▸ **EXERCISE PROMPT**: Apart from the pictures, reproduce the data below exactly as it stands.

▸ **INFORMATION SHOWN**:
+---+

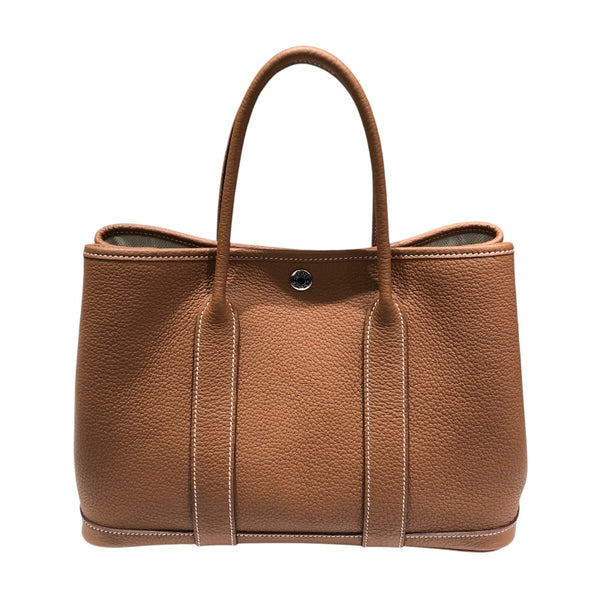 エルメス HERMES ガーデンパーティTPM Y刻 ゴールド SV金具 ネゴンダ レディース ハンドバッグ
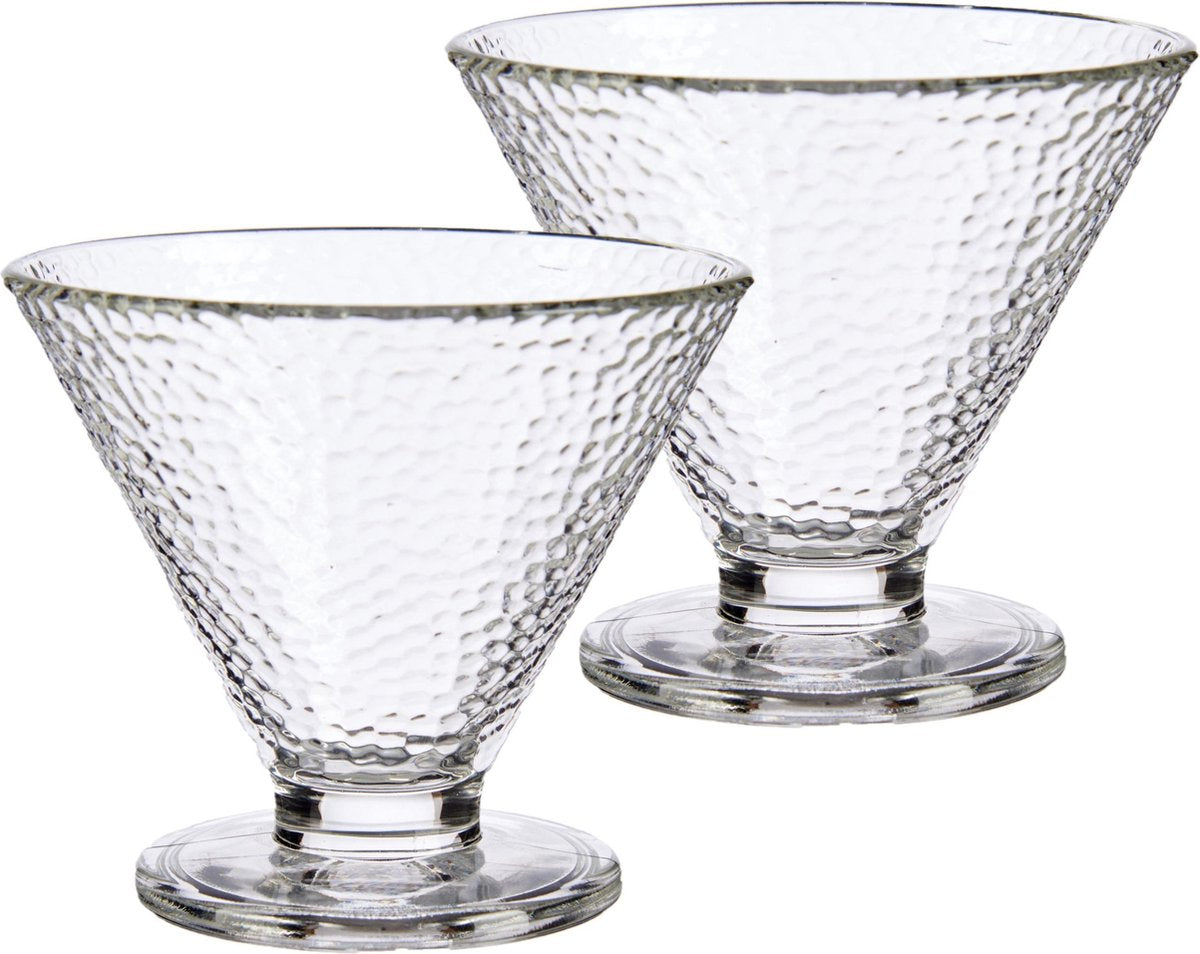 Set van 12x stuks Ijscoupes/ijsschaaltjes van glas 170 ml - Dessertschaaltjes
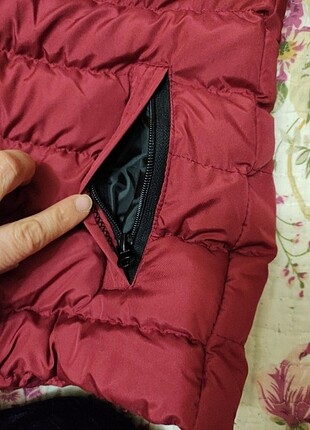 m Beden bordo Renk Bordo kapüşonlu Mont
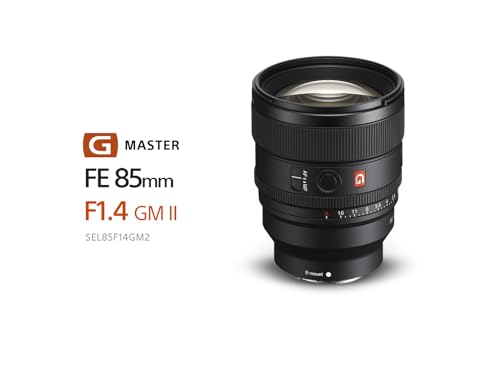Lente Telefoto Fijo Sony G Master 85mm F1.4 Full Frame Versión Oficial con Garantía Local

+---+

▸ **EXPECTED ANSWER**:
 エルメス HERMES ガーデンパーティTPM Y刻 ゴールド SV金具 ネゴンダ レディース ハンドバッグ
 Set van 12x stuks Ijscoupes/ijsschaaltjes van glas 170 ml - Dessertschaaltjes
 m Beden bordo Renk Bordo kapüşonlu Mont
Lente Telefoto Fijo Sony G Master 85mm F1.4 Full Frame Versión Oficial con Garantía Local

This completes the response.